My logic runs against a set of ~6000 real NHS numbers from the production data, checking that they are valid. This uses the factors [2,3,4,5,6,7,8,9,10].
However, when I ran the scripts and compared results, I noticed that your library reports significantly fewer valid checksums than the library I am using for the Ruby version of the logic. Your script reports ~5000 valid numbers whereas the Ruby library reports ~5500 (10% more).
The main difference I can see between the 2 libraries is right at the end of the calculation process where they both use switch statements but with 1 significant difference....
This library https://github.com/komakino/modulus11/blob/master/src/Modulus11.php#L24 is like this...
$calculus = 11 - $sum % 11;
switch($calculus){
case 10: return 'X';
default: return $calculus;
}@badmanski's library https://github.com/badmanski/mod11/blob/master/lib/mod11.rb#L25 is like this...
remainder = sum % 11
case remainder
when 0 then remainder
when 1 then nil
else 11 - remainder
endI am not 100% confident whose code is "correct" here but I think the key difference is that your version has the ability to return 11, whereas @badmanski's code does not.

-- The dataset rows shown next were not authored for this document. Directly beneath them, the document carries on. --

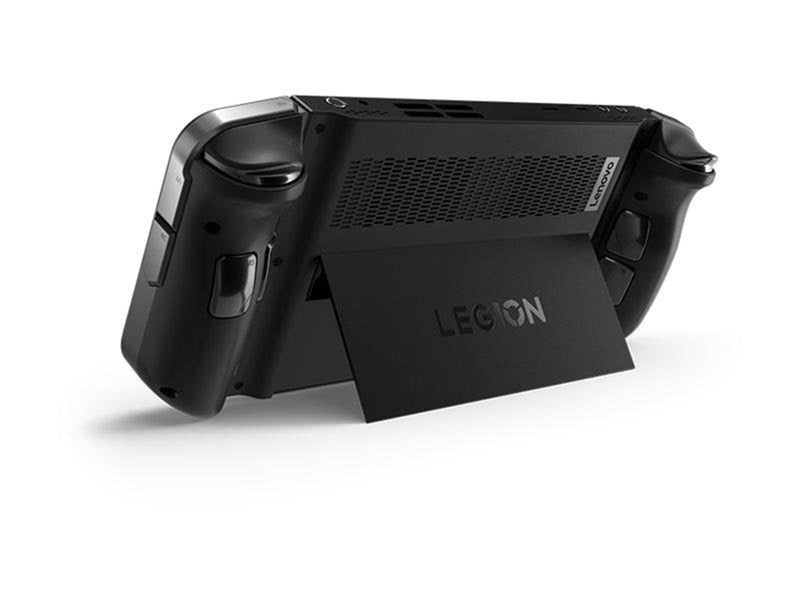 Lenovo Legion Go 8APU1 - 8.8" - AMD Ryzen Z1 Extreme - 16 GB RAM - 512 GB SSD
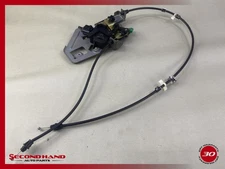 99-04 Jeep Grand Cherokee Rear Tail Lift Gate Liftgate Lock Latch ACTUATOR OEM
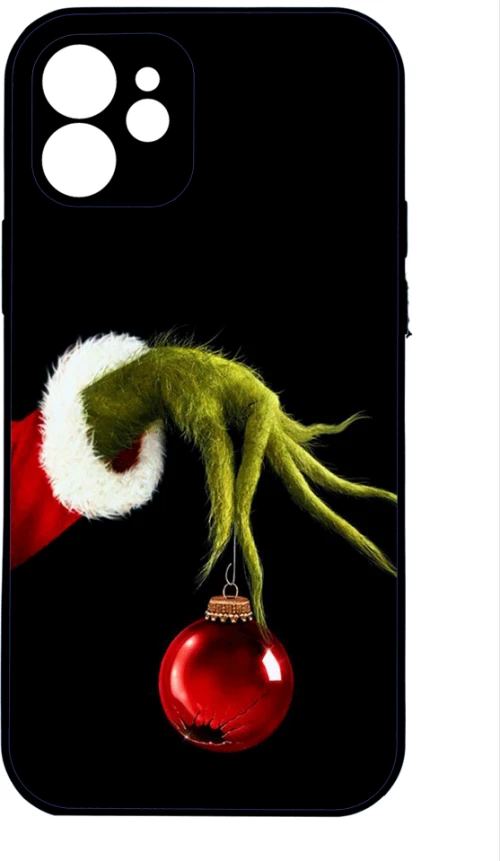 CHRISTMAS DESINGS - iPhone 13 Pro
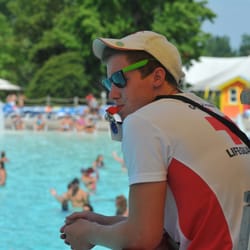 Bensenville Water Park and Splash Pad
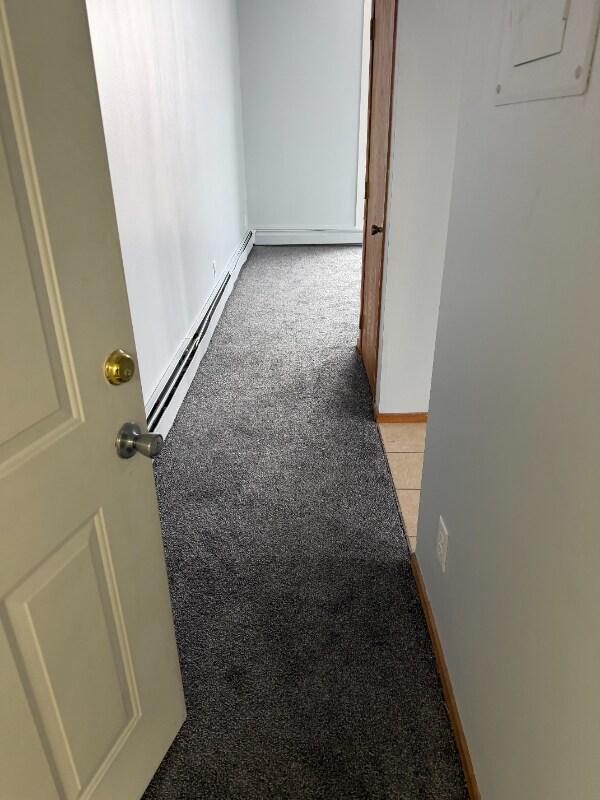 Foto del edificio - 205 Plum St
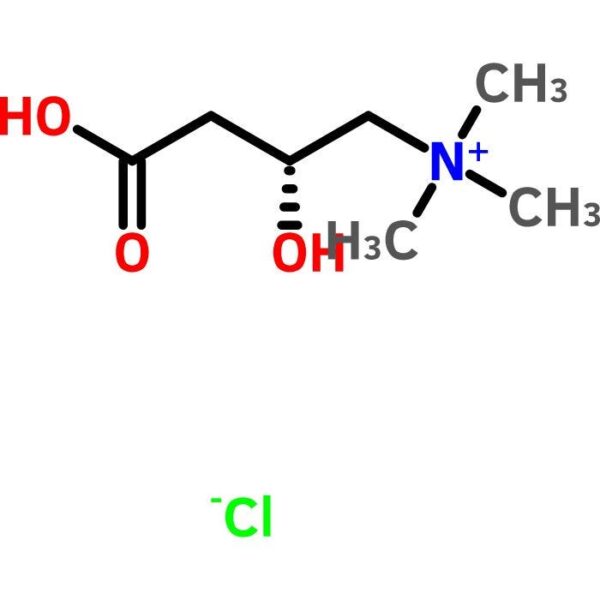 L-Carnitine Hydrochloride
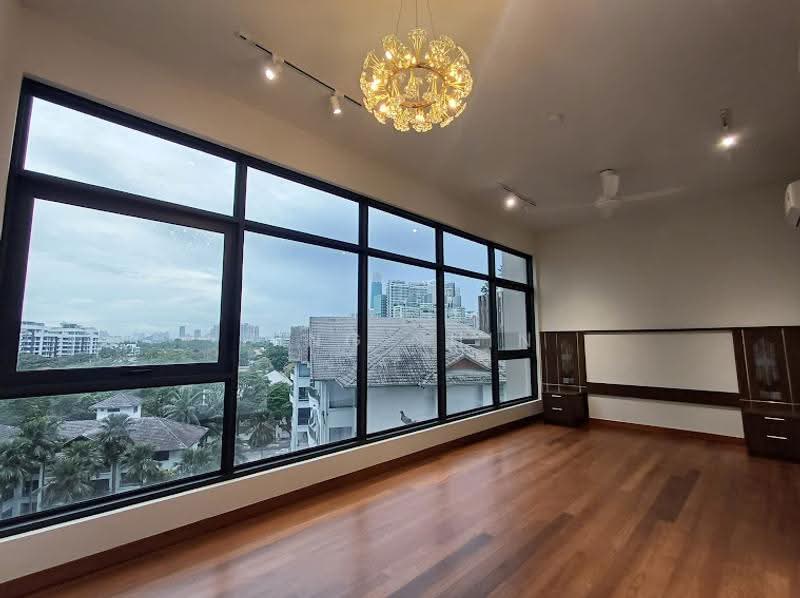 Service Residence for Rent at Mayfair Residences @ Pavilion Embassy - Ping Shin - PropertyGuru.com.my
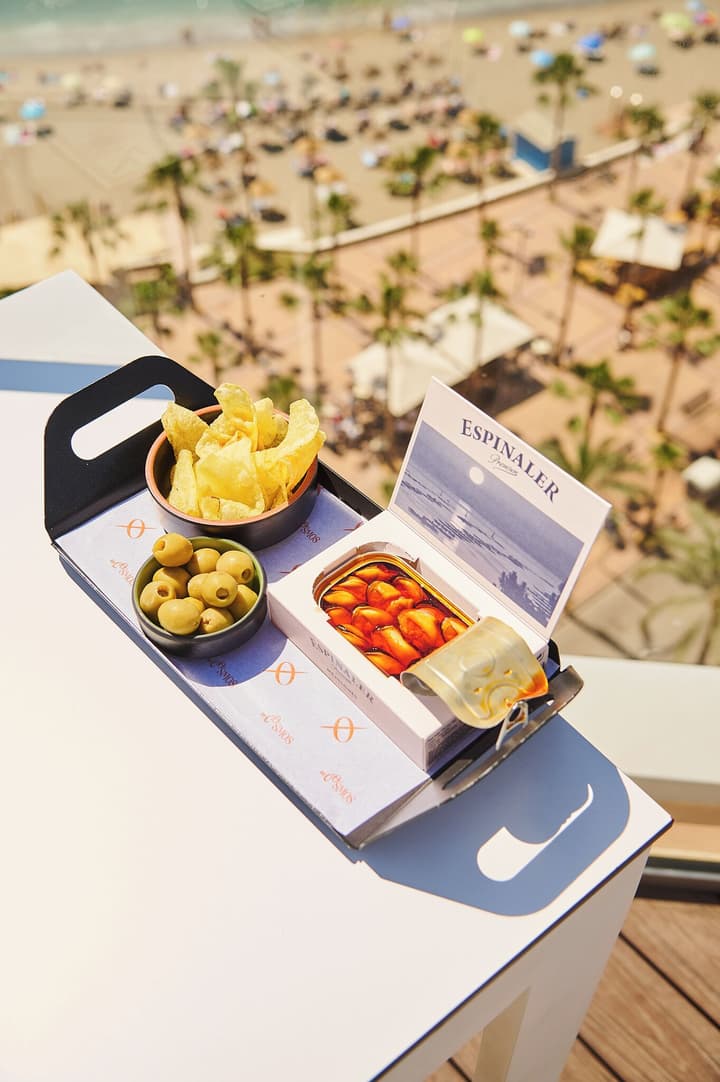 Hotel El Puerto by Pierre & Vacances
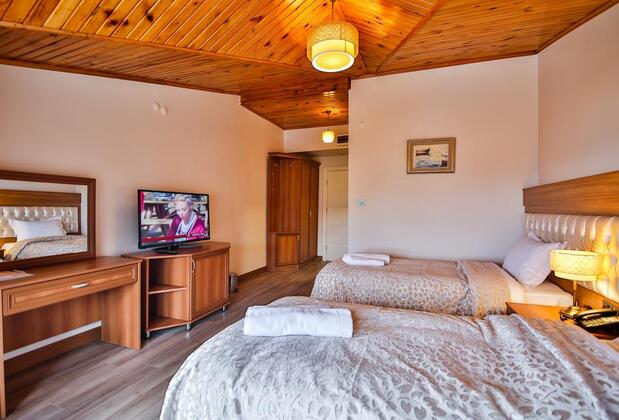 Amasra Diamond Hotel - Görsel 18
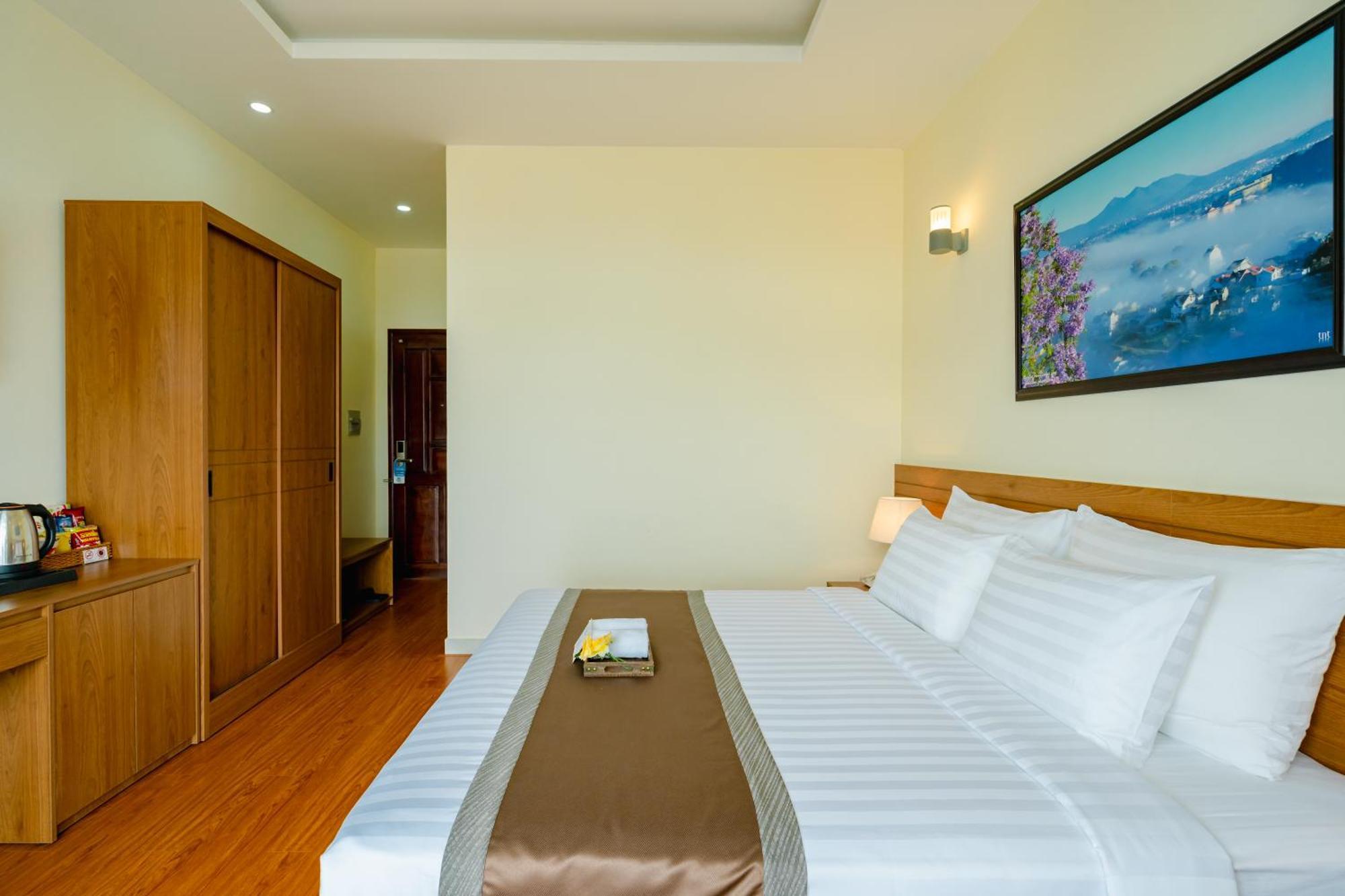 Bombo Dalat Hotel 외부 사진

This applies in the test case "648180980" where the total sum of each digit multiplied by it's factor is 275, which is a multiple of 11. This means the remainder when divided by 11 is 0 which when subtracted from 11 is 11. I believe the correct Mod11 checksum in this case should be 0 and my list of real NHS numbers appears to validate that.
Why do I care?
Your package is the top result on packagist.org in a search for the phrase "modulus 11" with 162,000+ downloads. It's popularity was the reason I chose your library. However if what I have discovered is a bug, then this could be seriously affecting many projects, a lot of which I suspect will be trusting it when validating NHS Numbers.
I notice @Jontsa has already raised a PR #1 to fix this back in Nov 2018 but you have not responded.
I am not sure what your intentions are toward maintaining this library. I appreciate it's been 10 years since the last commit and your circumstances may have changed. Open source maintainers do not owe anyone anything but I do think you have a responsibility to either fix this or if you do not have the time, at least remove it from packagist and make the repo private so the bug cannot continue to affect projects.
My offer of help is on the table if you need it.